Ce que décrivent ces enseignants c’est un bouleversement culturel aussi profond qu’insidieux. « En quelques années, j’ai vu disparaître la collégialité. On fonctionnait en équipe de recherche, en équipe pédagogique. Là, le chacun pour soi l’emporte », assure Mathieu Brunet. La course aux financements, l’évaluation de plus en plus individualisée a introduit un climat parfois très lourd dans la communauté universitaire.

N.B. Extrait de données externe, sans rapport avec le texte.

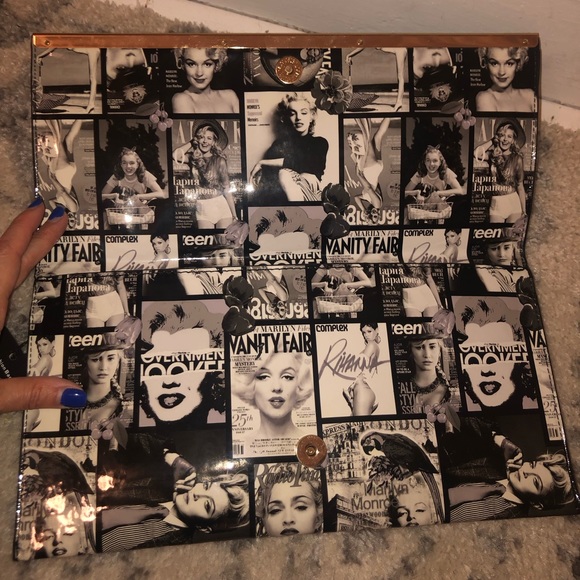 Marilyn Monroe Black and White Clutch - Picture 5 of 6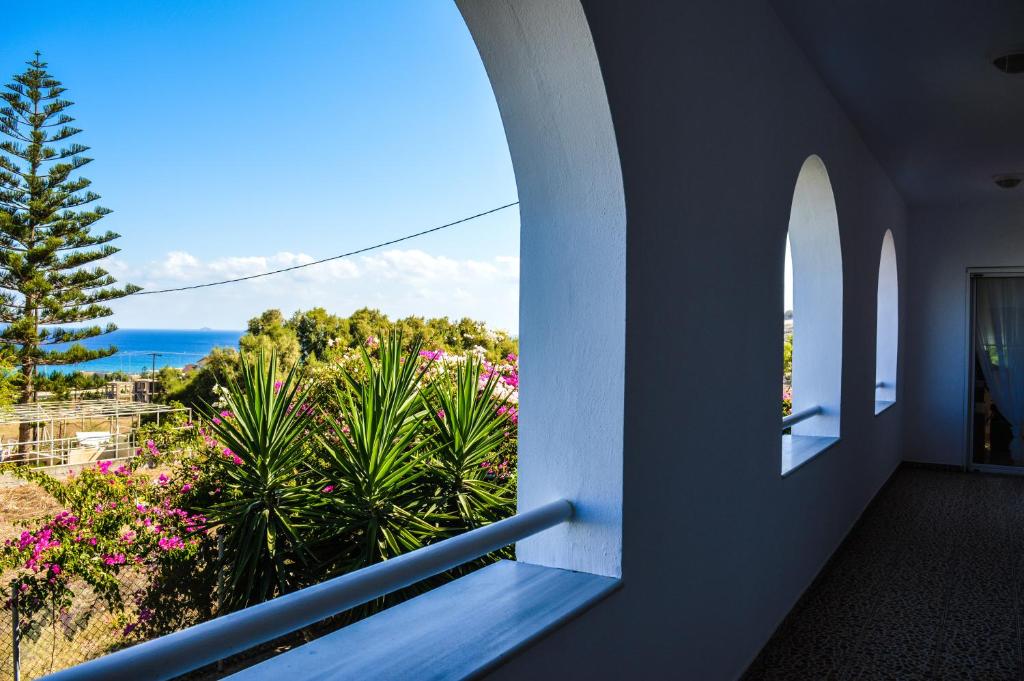卡特罗斯United blue Resorts - White Sand的阳台享有海景。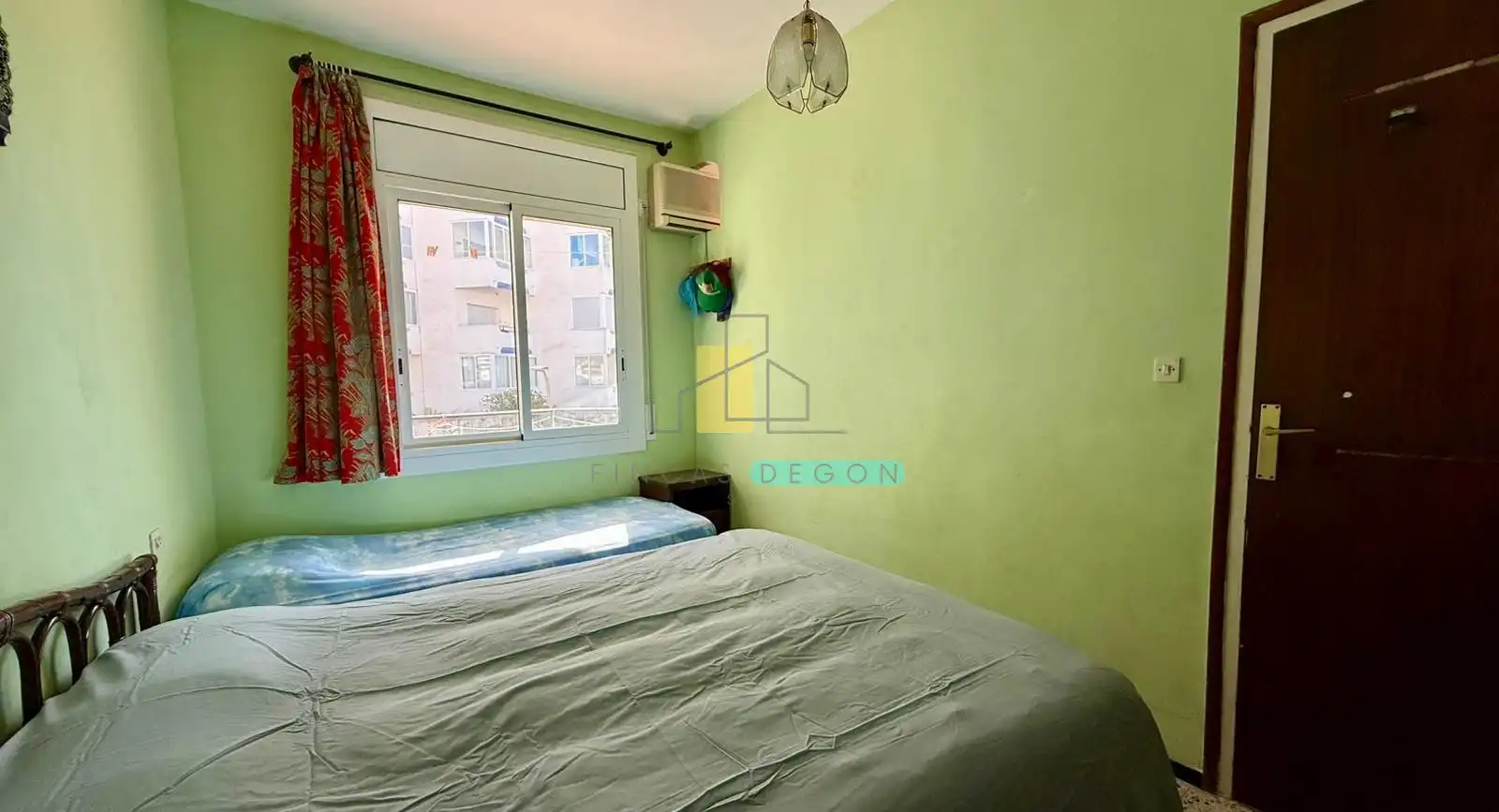 Habitación de Apartamento en venta en Roses con Calefacción, Horno y Microondas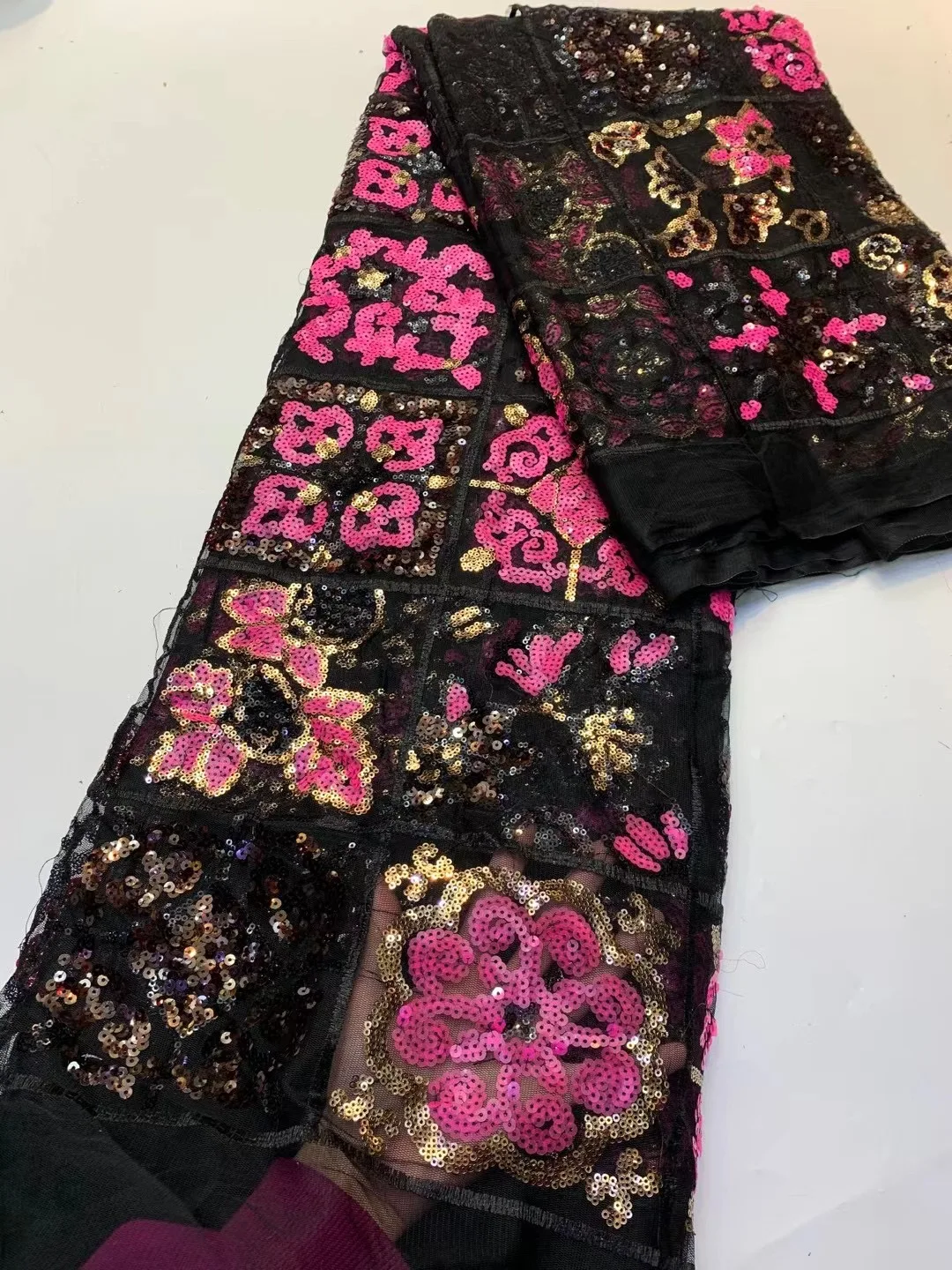 The Latest African Lace Fabric 2021 High-quality Lace Sequins French Nigeria Lace Fabric, Used For Sewing Wedding Dresses ZX4650
The Latest African Lace Fabric 2021 High-quality Lace Sequins French Nigeria Lace Fabric, Used For Sewing Wedding Dresses ZX4650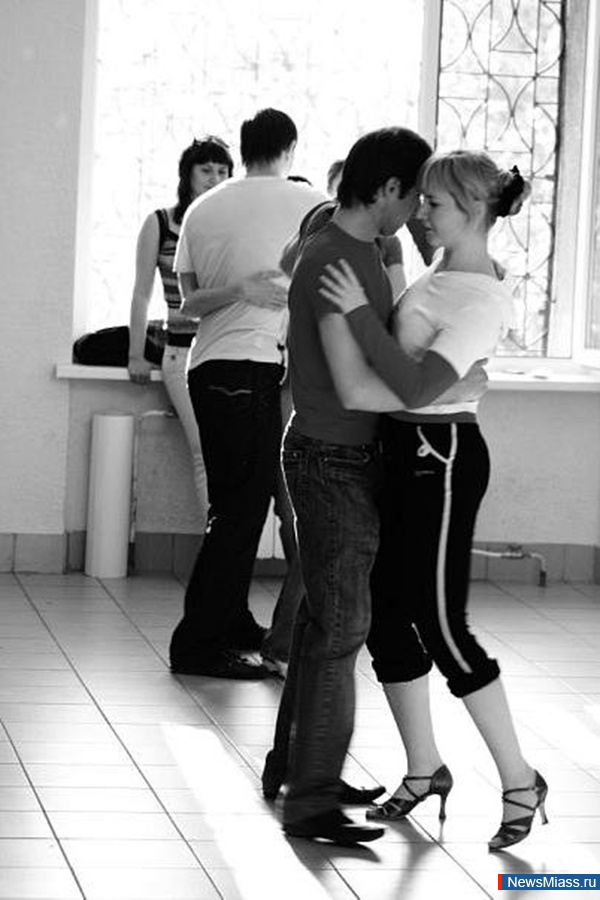 KIZOMBA   .  -            , 2  3    ""     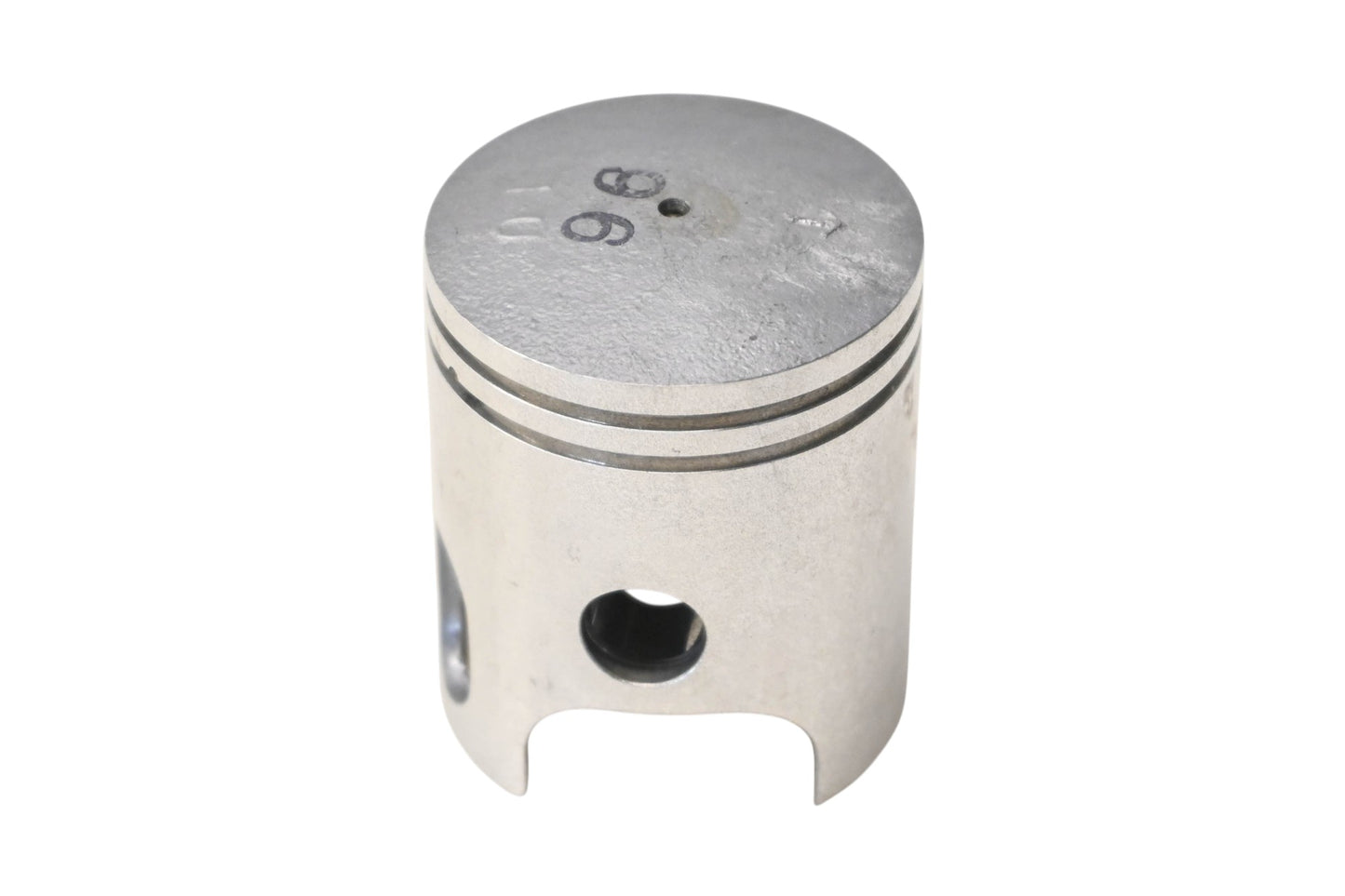 New OEM Yamaha 1YU-11631-00-96 Piston NOS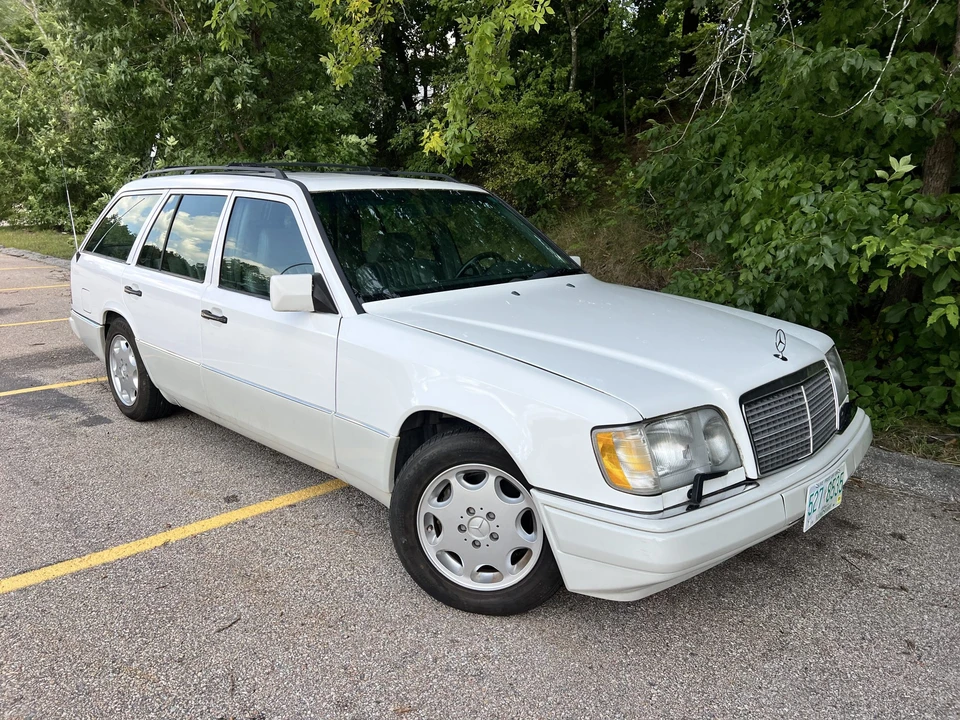 1994 Mercedes-Benz W124 E-Class - Image 22 of 31
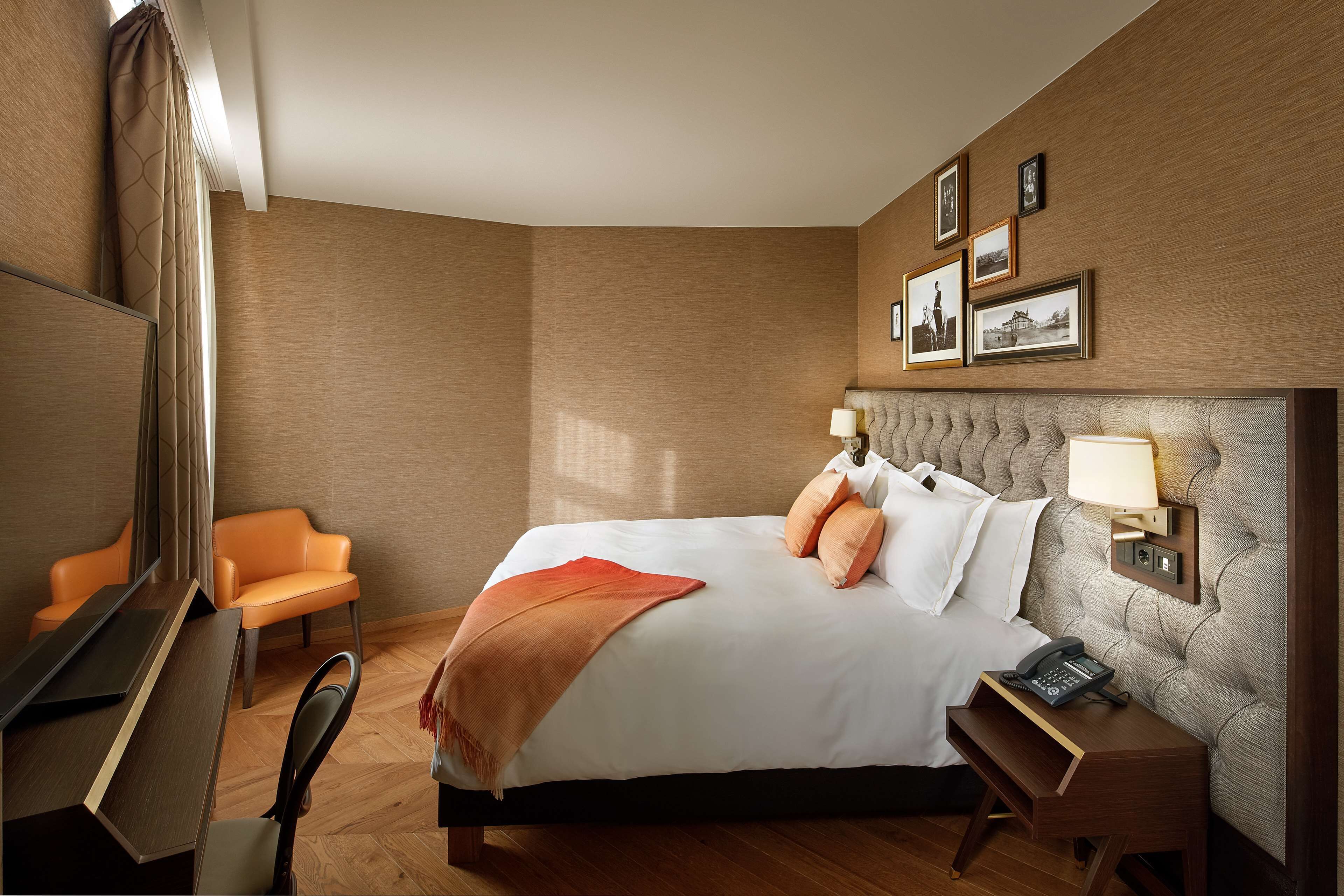 konsulat suite | premium bedding, free minibar items, in-room safe, desk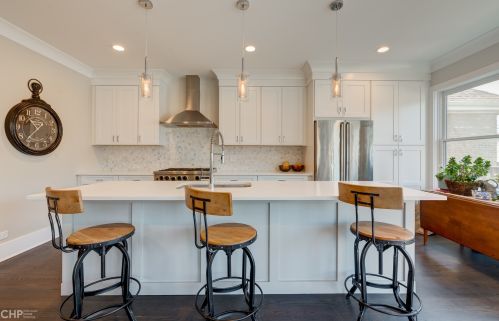 5718 Leonard Ave, Chicago, IL 60646-5514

Alors que l’université a été l’une des plus mobilisées contre la loir LRU en 2009, elle paraît, au moment où la loi Fioraso qui entérine les grands principes de la LRU est discutée au Parlement, particulièrement éteinte. Le sens du collectif a vacillé dans un système où il y a très clairement des gagnants – ceux qui parviennent à obtenir des financements, à avoir l’oreille du président pour tel ou tel projet – et des perdants – ceux, par exemple en sciences humaines ou en lettres, qui n’ont pas la chance de pouvoir prétendre participer à court terme au redressement. « Les moyens se sont concentrés sur 10% du personnel, 90% sont dans la détresse  », résume le linguiste Robert Chaudenson (lire ici son blog). Effet déflagrateur garanti, mais heureusement, rien de tout cela n’est perceptible à Shanghaï.